Data shown:
========

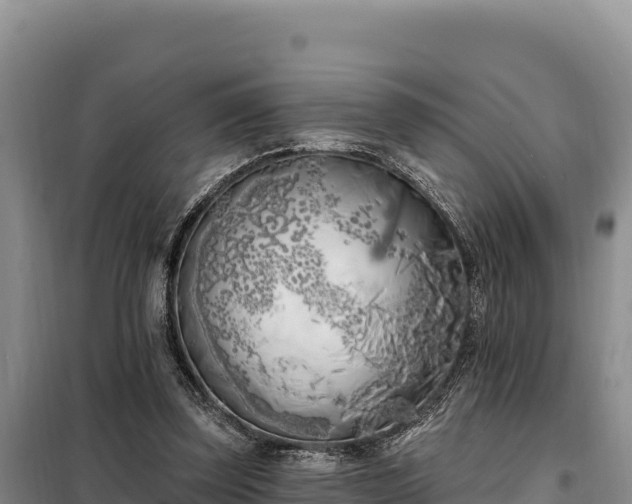 X0000099320347200805091046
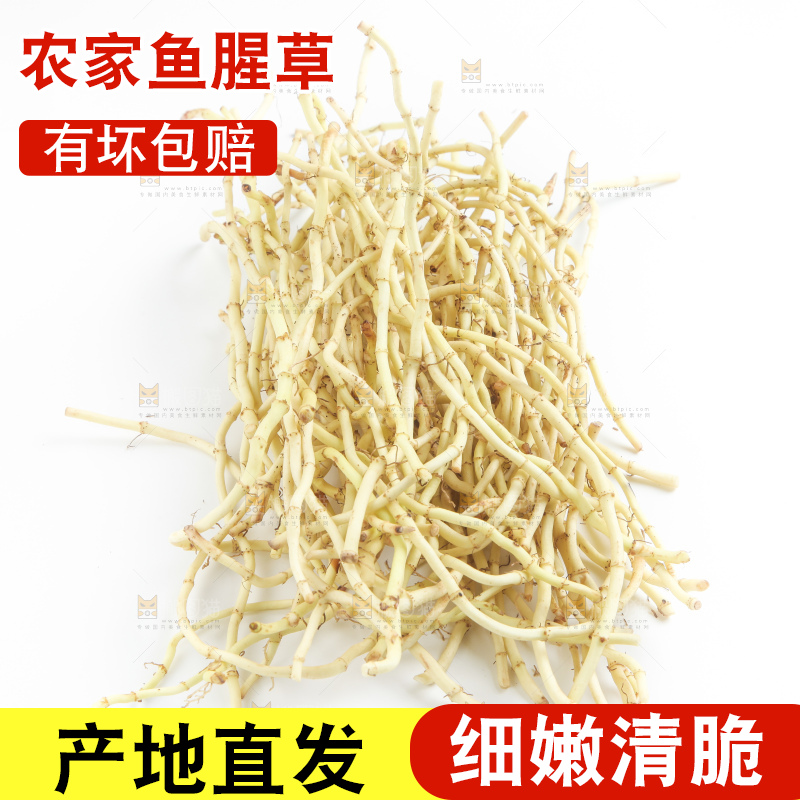 白底上的鱼腥草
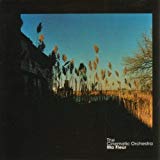 Cinematic Orchestra , The - To Believe (Vinyl)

========

Transcribe every line of the listing above exactly; skip the pictures.

 X0000099320347200805091046
 白底上的鱼腥草
 Cinematic Orchestra , The - To Believe (Vinyl)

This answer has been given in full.